_AVAILABLE DATA:_
/---

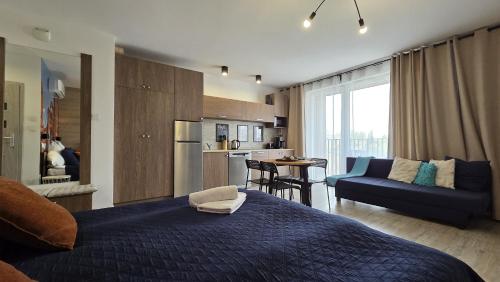 Q Apart Meta - klimatyzowane apartamenty przy Manufakturze z garażem lub parkingiem Gratis, FV – khách sạn tại Baluty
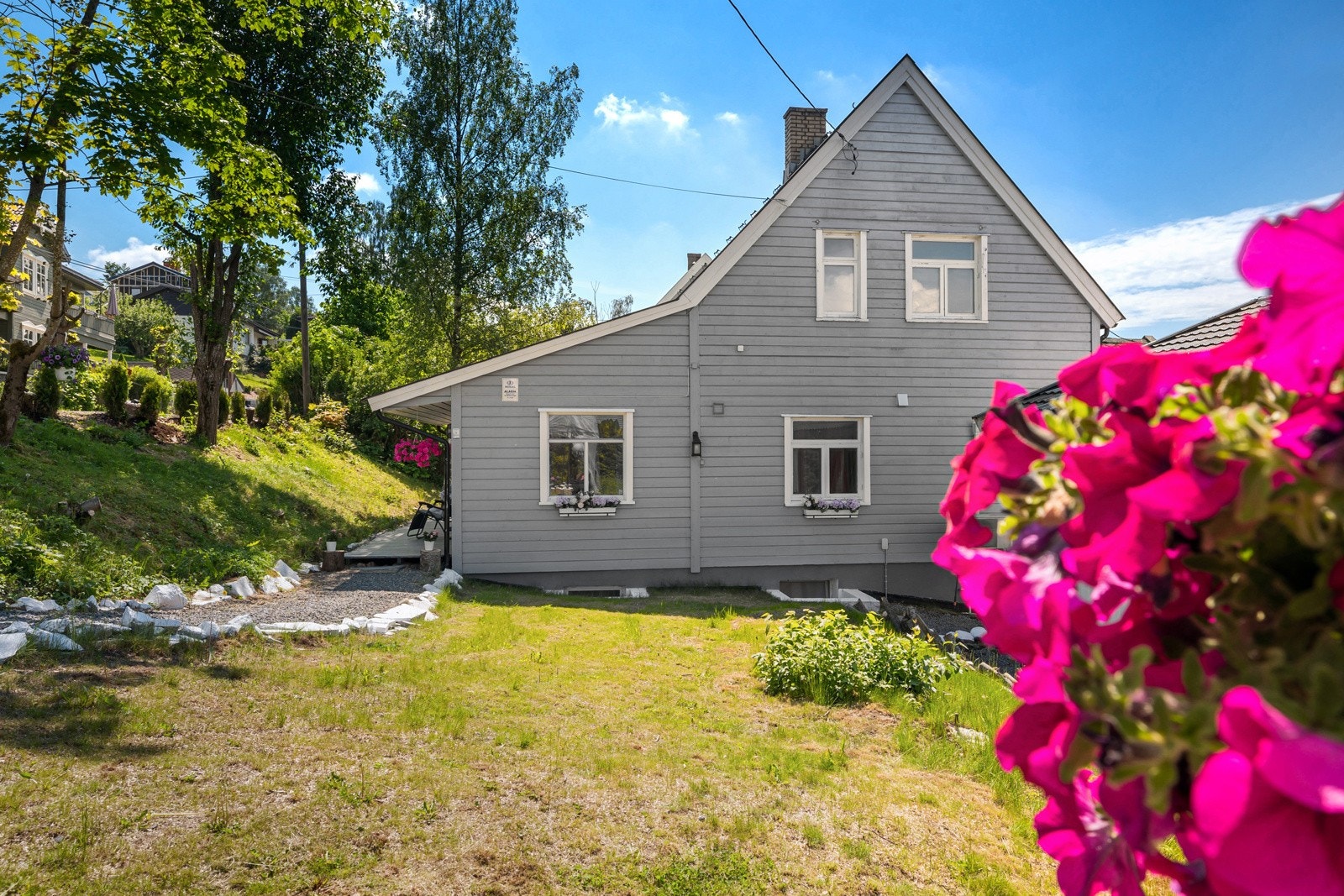Boligen har en lys fasade, med flotte buskevekster Galleribilde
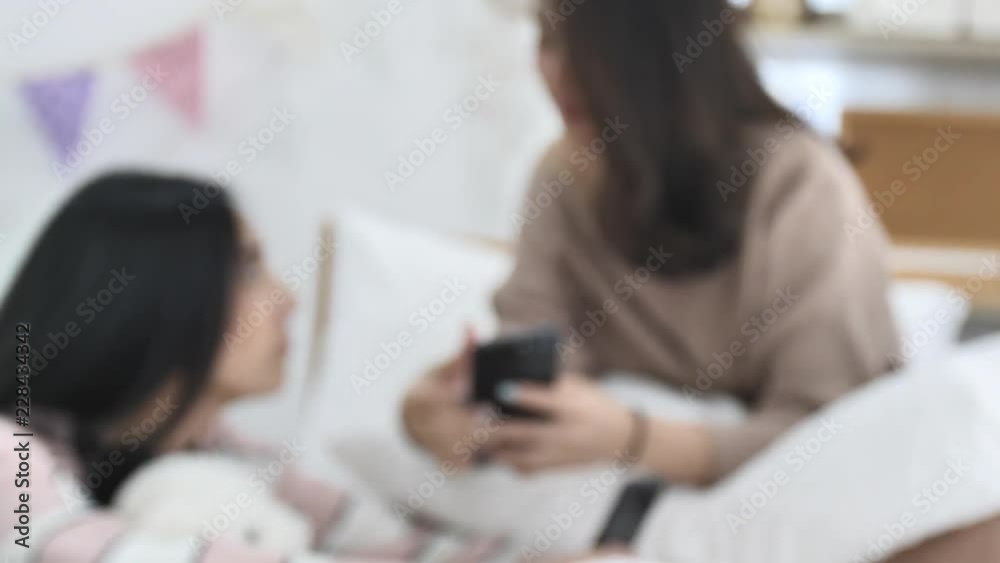 Slow motion of beautiful asian girl using mobile cellphone with smile face. Slow motion of beautiful asian girl using mobile cellphone with smile face.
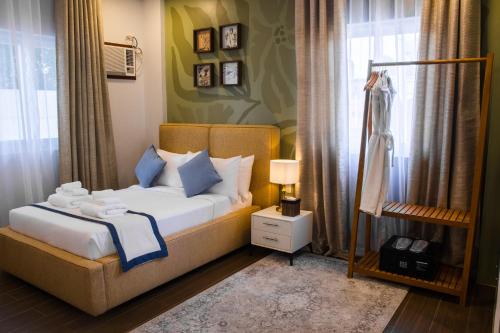 a bedroom with a bed with blue pillows and a window at UNWND Boutique Hotel Calatagan in Batangas City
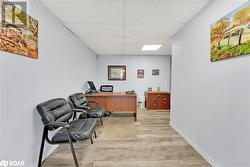 Home office with light wood-type flooring and a paneled ceiling - 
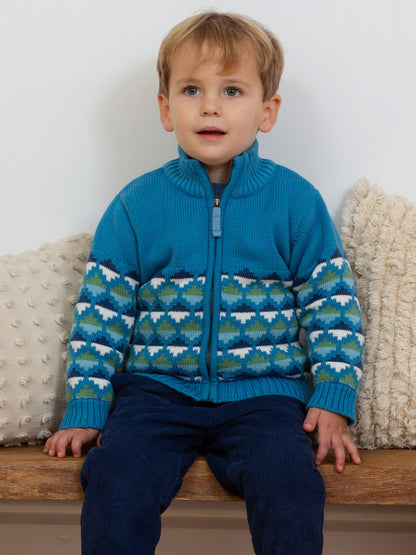 Niño usando chaqueta Nido azul clásico de algodón orgánico con diseño geométrico de triángulos verdes y blancos, abrigo de invierno infantil.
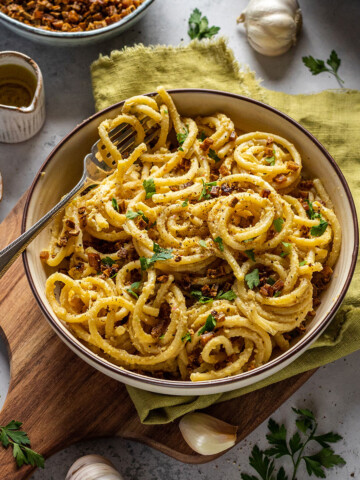 homemade vegan carbonara pasta with spaghetti and smoked tofu bacon bits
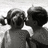 Black-and-white animation of two children in pigtails kissing, with one child's head turning from left to right across frames.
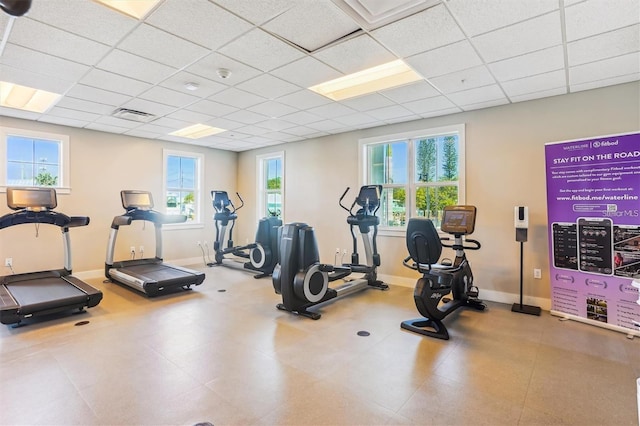 workout area with tile flooring and a drop ceiling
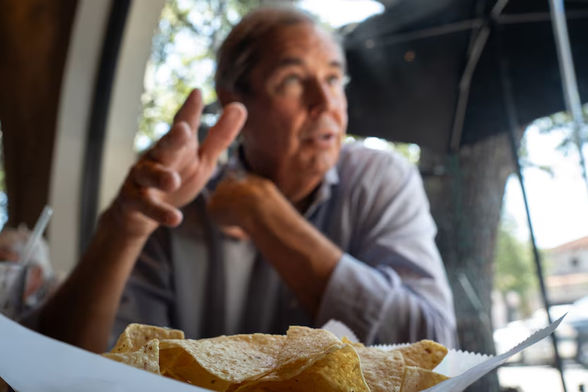 Ray Washburne, owner of Highland Park Village and Mi Cocina, eats at the Mi Cocina Restaurant in Highland Park Village on Aug. 14, 2024.(Azul Sordo / Special Contributor )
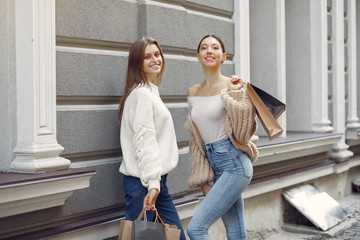 Beautiful girls in a summer city. Ladies with shopping bags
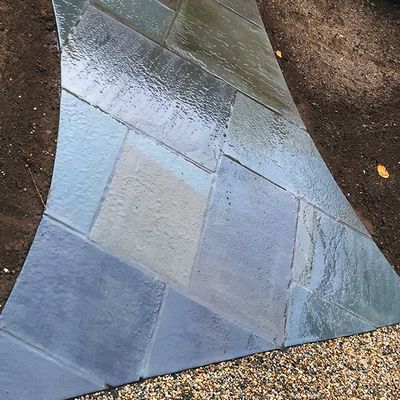 A close up of a tile floor with a diagonal pattern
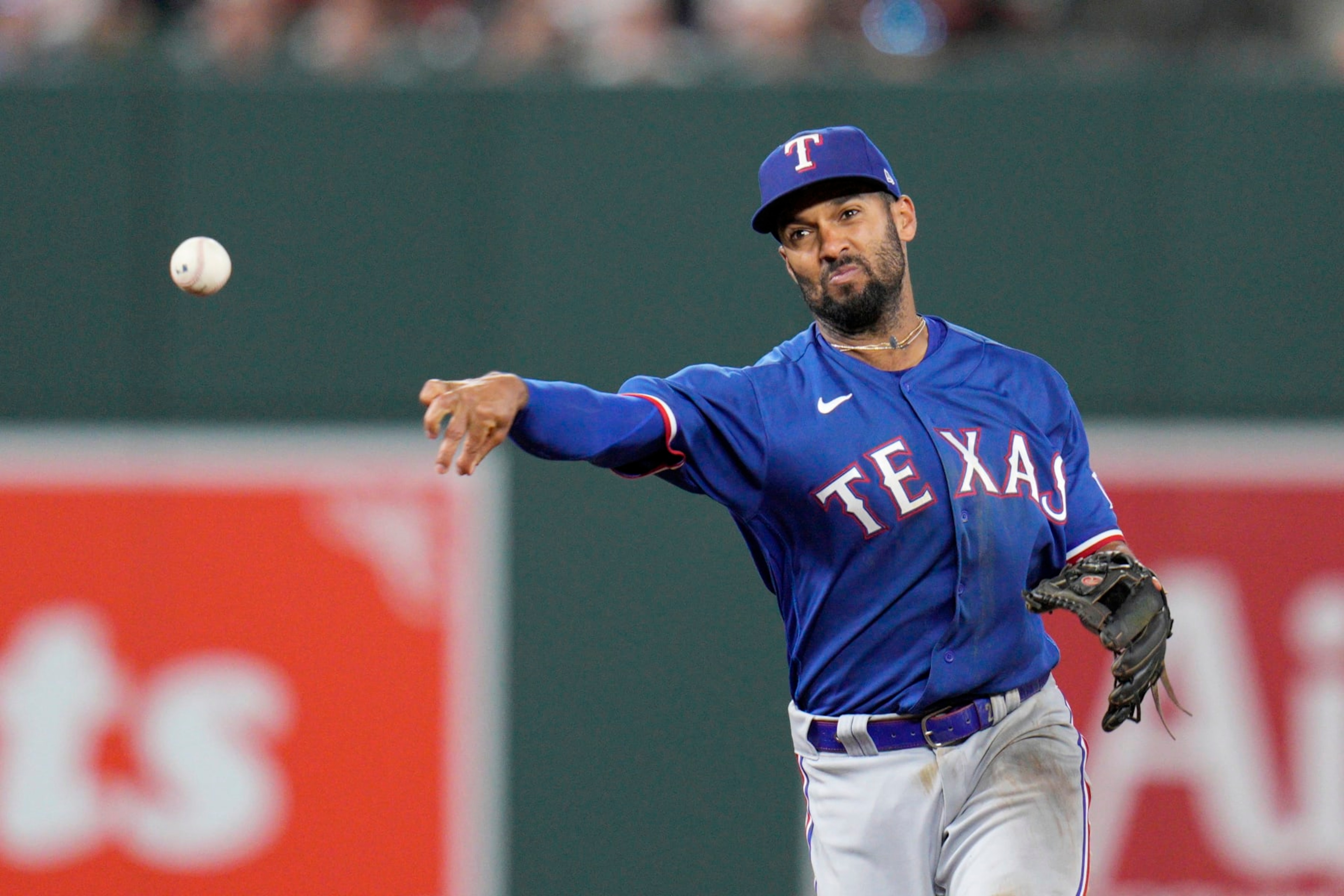 BALTIMORE, MARYLAND - MAY 26: Marcus Semien #2 of the Texas Rangers throws out Austin Hays #21 of the Baltimore Orioles during the ninth inning at Oriole Park at Camden Yards on May 26, 2023 in Baltimore, Maryland. (Photo by Jess Rapfogel/Getty Images)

\---

_ABOUT THIS TASK:_ Look above for the line with "Boligen har en" and the line with "Home office with", then copy exactly the lines from the first through the second, both kept, with no pictures.

_SOLVED PROBLEM:_
Boligen har en lys fasade, med flotte buskevekster Galleribilde
 Slow motion of beautiful asian girl using mobile cellphone with smile face. Slow motion of beautiful asian girl using mobile cellphone with smile face.
 a bedroom with a bed with blue pillows and a window at UNWND Boutique Hotel Calatagan in Batangas City
 Home office with light wood-type flooring and a paneled ceiling - 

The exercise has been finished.